More than 150,000 New Mexicans appear eligible for the automatic expungement of their past cannabis possession charges under a bill Gov. Michelle Lujan Grisham says she'll sign, according to a preliminary review by the state Department of Public Safety.
The previously unreported figure illuminates the scope of the drug war's impact on state residents. Many of them have struggled to secure housing, jobs and even federal student loans because of charges and convictions for offenses that will no longer be crimes under the provisions of a companion bill that legalizes the recreational use of cannabis for adults.
Lawmakers adopted both bills during a special session that ended April 1.
The number—154,791, to be exact—is far greater than previously believed, too. Legislators speculated that perhaps 4,000 people had been arrested annually for cannabis possession in recent years.
The job of expunging—essentially walling off a criminal record from public view—will fall largely on DPS. Interim Secretary Tim Johnson and Records Bureau chief Regina Chacon acknowledge in an interview this week with SFR that it's a big, complex lift.
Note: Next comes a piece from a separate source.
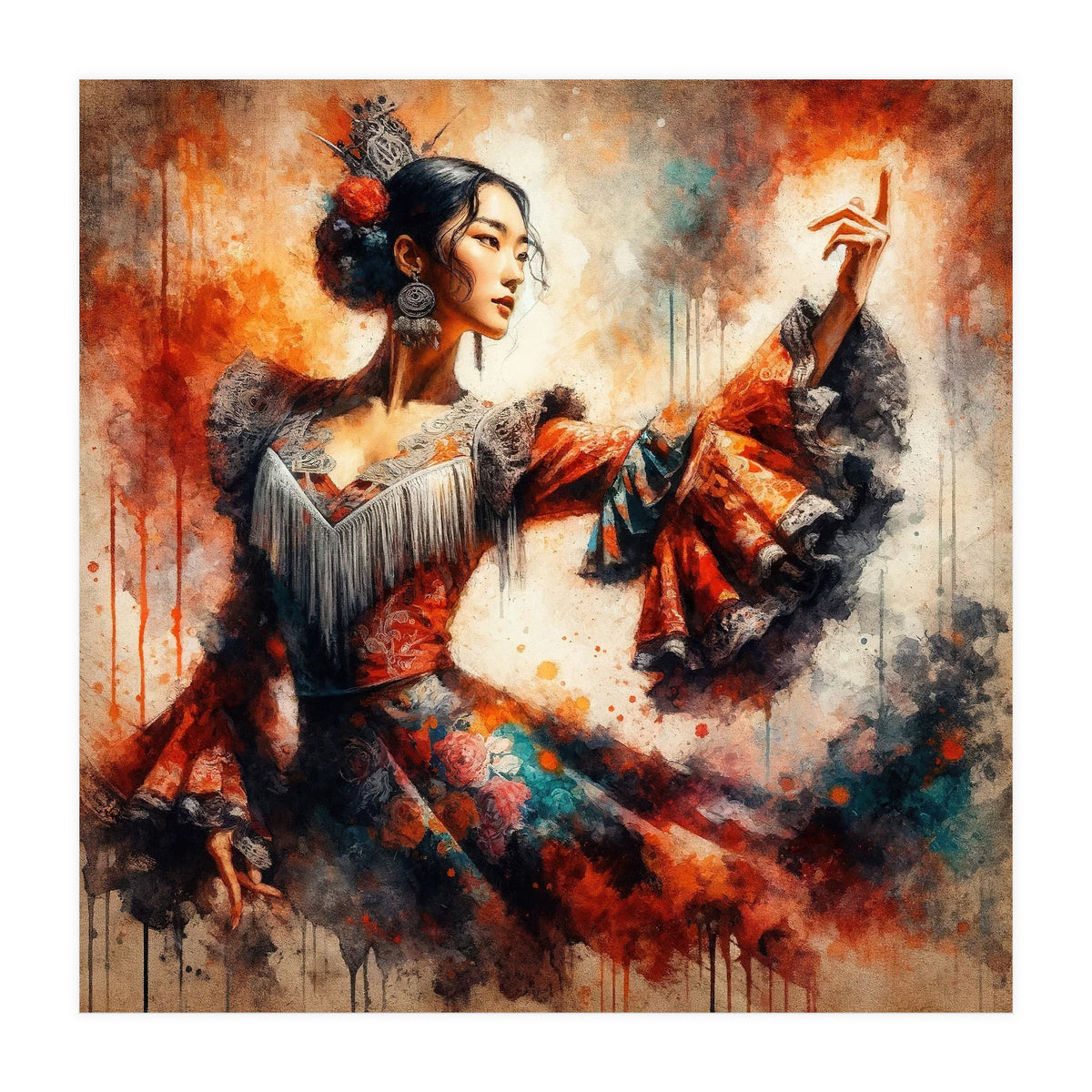 Majestic East Asian Flamenco Dancer (Print Only)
And the clock is already ticking.
But they say the department is up to it.
"I believe we're going to get it done," Johnson says. "We get a lot of things on our plate over the years; we haven't knocked all of it out of the park, but we do the best job we can."
Expungement has long been an essential element of legalization for advocates and their allies in the Legislature, which passed a law in 2019 allowing people to petition a court to have certain past charges and convictions wiped.